Most North American circuits feature a pit lane with a number of pit stalls (typically 30-50) and a pit wall that separates the pit lane from the infield, with the garages (if used) on a separate road in the infield. In races where there are different series racing together, each series has its own separate garage or are parked in their own area. Circuits in other parts of the world (used in Formula One) typically have the individual garages open directly onto the pit lane through the team's assigned pit box. In American English, it is common to drop the definite article and just refer to "pit road", whereas in British English one would always refer to "the pit lane". A further difference is that in British English, the term "pit box" is universally used, whereas in American English, one would say "pit stall". It is important to note that in NASCAR, a pit box is a tool (see below), though there is a definitive term used for them.
Where it is permitted, refuelling is often an important purpose of a pit stop. Carrying fuel slows down a vehicle, and there is often a limit on the size of the fuel tank, so many races require multiple stops for fuel to complete the race distance in the minimum time. Changing tyres is also common, to permit the use of softer tyres that wear faster but provide more grip, to use tyres suitable for wet conditions, or to use a range of tyres designated by the rules. Teams will aim for each of their vehicles to pit following a planned schedule, with the number of stops determined by many factors, such as fuel capacity, tyre lifespan, and the trade-off between time lost in the pits versus time gained on the track due to the benefits of pit stops. Choosing the optimum pit strategy of how many stops to make and when to make them is crucial in having a successful race. It is also important for teams to take competitors' strategies into account when planning pit stops to avoid being held up behind a competitor where overtaking is difficult or risky. An unscheduled or extended stop, such as for a repair, can be very costly for a driver's chance of success, because while they are stopped for service, competitors remaining on the track are gaining time on them. For this reason, the pit crew often undergo intensive training to perform operations such as tyre changes as quickly as possible, leading to pit stops, for example, as in Formula 1, where the car is only stationary for a few seconds for a regular pit stop.

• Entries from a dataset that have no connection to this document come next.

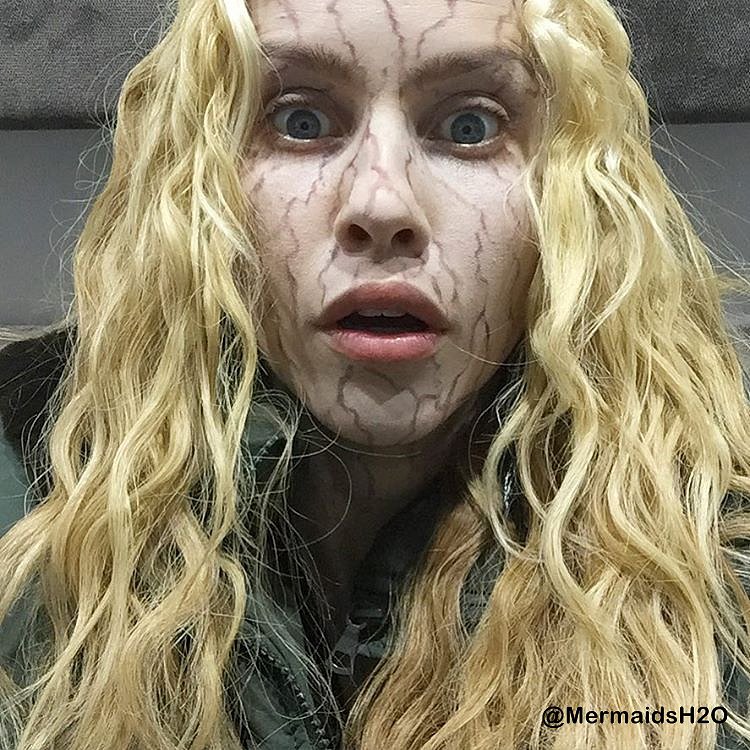 Behind the scenes Claire Holt en The Originals
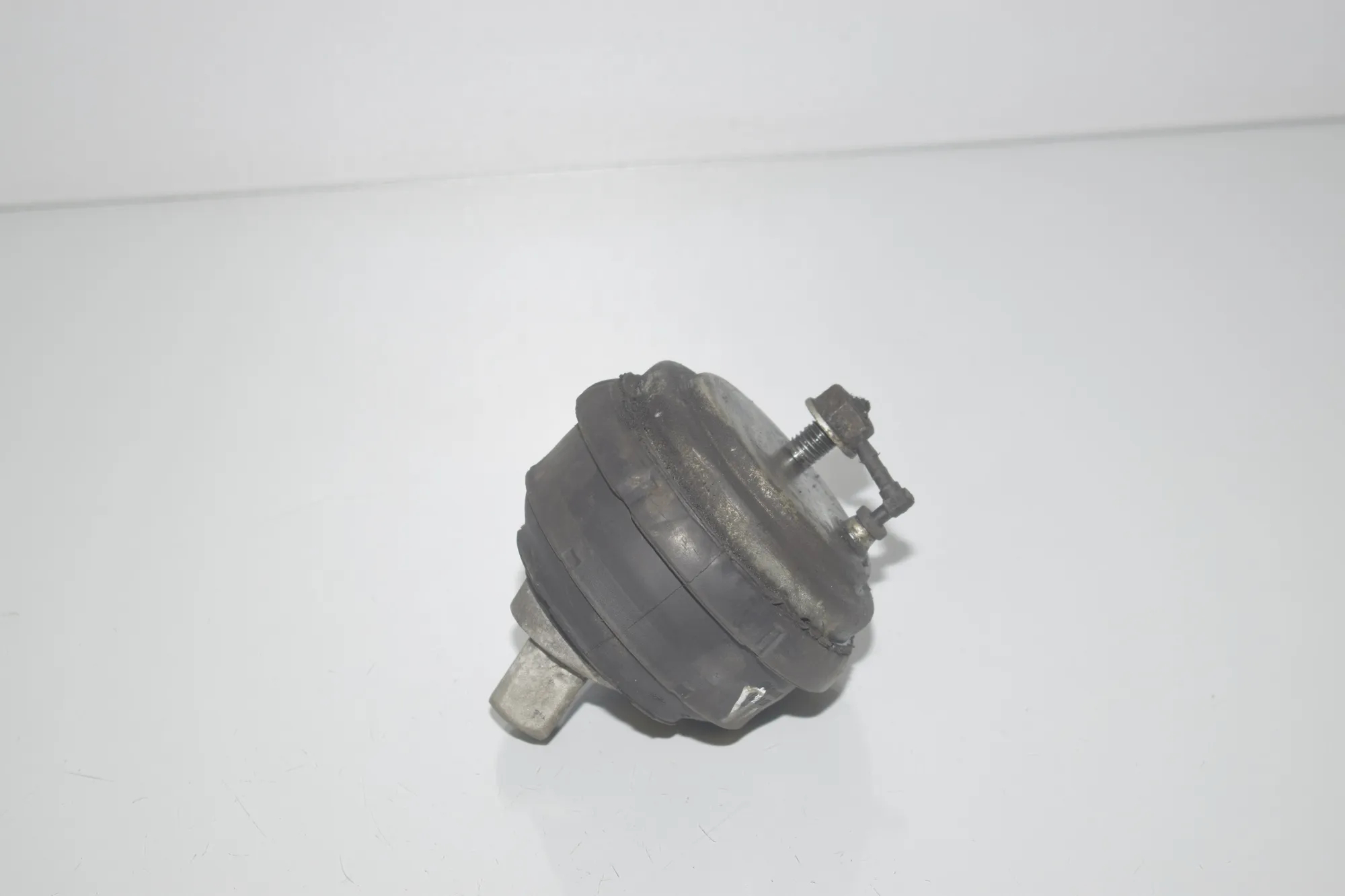 Right Side Engine Mount – OEM 18509620 · BMW 5 (E39) 530 d 2000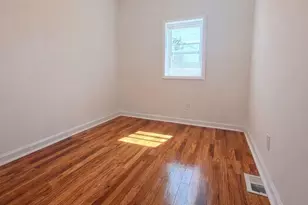 1249 E 223rd St, Bronx, NY 10466 - Photo 9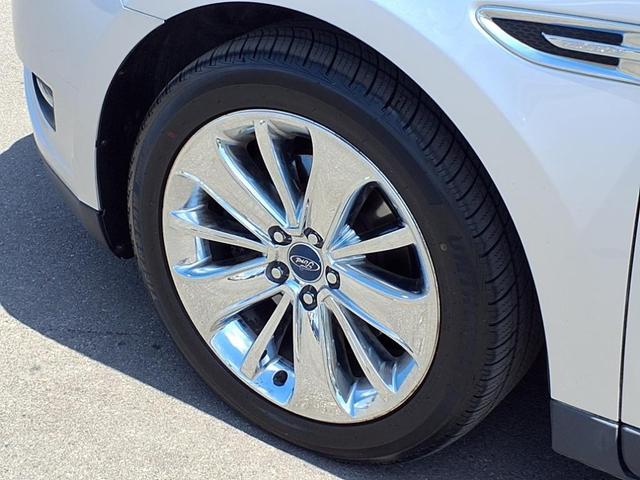 Photo of 2010 Silver Ford Taurus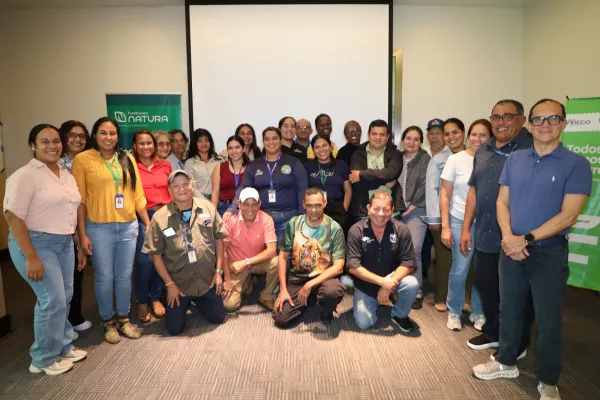 <p>Sistemas silvopastoriles, manejo eficiente del agua y conservación de fuentes hídricas forman parte de las estrategias implementadas para fortalecer la productividad y la resiliencia de las fincas en Garachiné, Darién. Antonio Bonilla Santos, hombre del campo y productor ganadero del área de Garachiné, en Darién, recuerda con orgullo y buen ánimo los obstáculos a los [&hellip;]</p>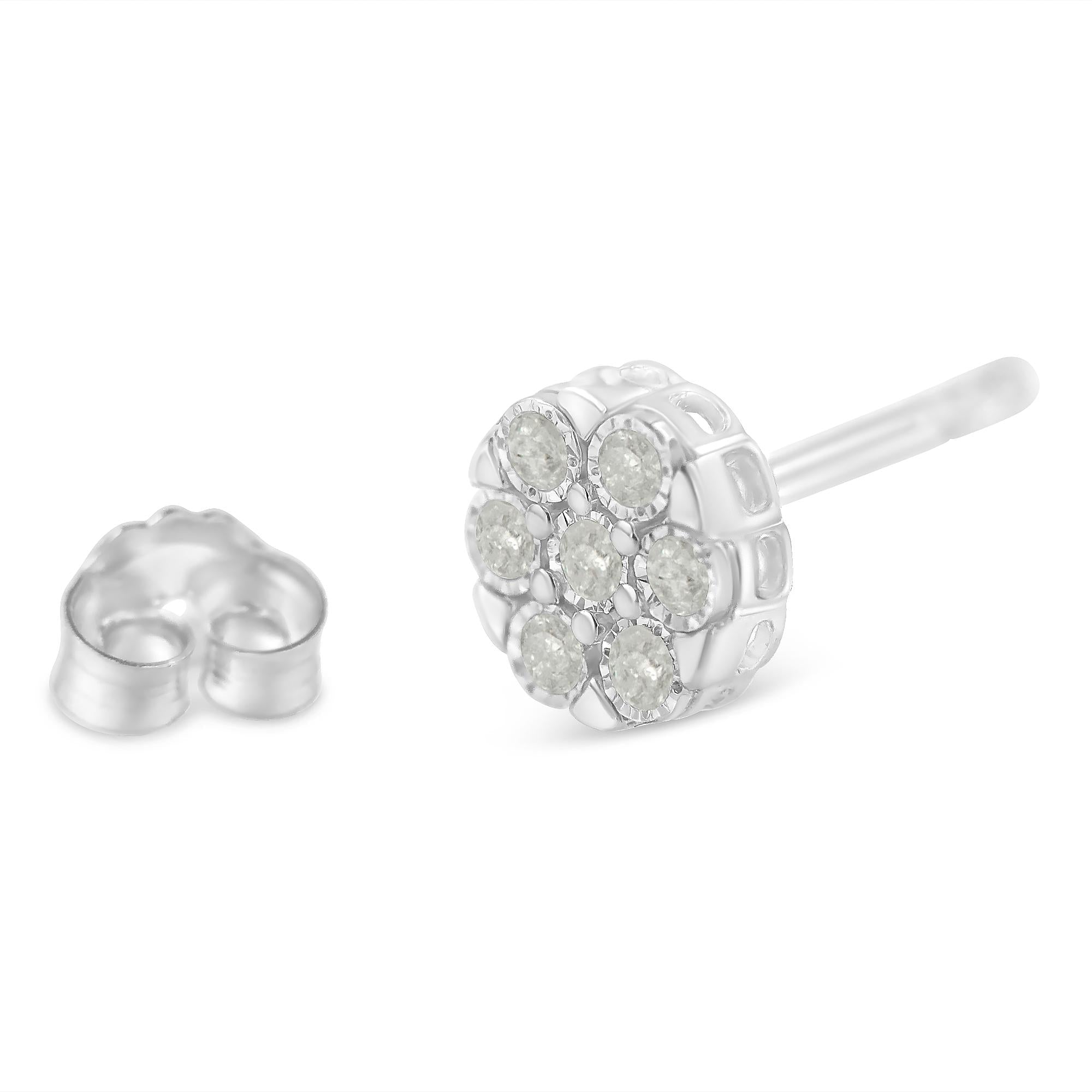 Pendiente de botón con racimo floral de diamantes de talla rosa en plata de ley (0,25 cts, color IJ, claridad I2-I3) - Friggin Jewelry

In any racing series that permits scheduled pit stops, pit strategy becomes one of the most important features of the race; this is because a race car travelling at 100 miles per hour (160 kilometres per hour) will travel approximately 150 feet (45 metres) per second. During a ten-second pit stop, a car's competitors will gain approximately one-quarter-mile (400 metres) over the stopped car.
However, the car that made the additional pit stop will run faster on the race track than cars that did not make the stop, both because it can carry a smaller amount (and thus lower weight) of fuel, and will also have less wear on its tyres, providing more traction and allowing higher speeds in the corners. In racing series where teams have their choice of different compound tyres, the lower tyre wear may be enough to allow the team to choose to use a tyre with a softer rubber compound that provides increased grip at the expense of faster wear; going longer between stops may even cause enough wear on the softer tyre to cause the tyres to fail.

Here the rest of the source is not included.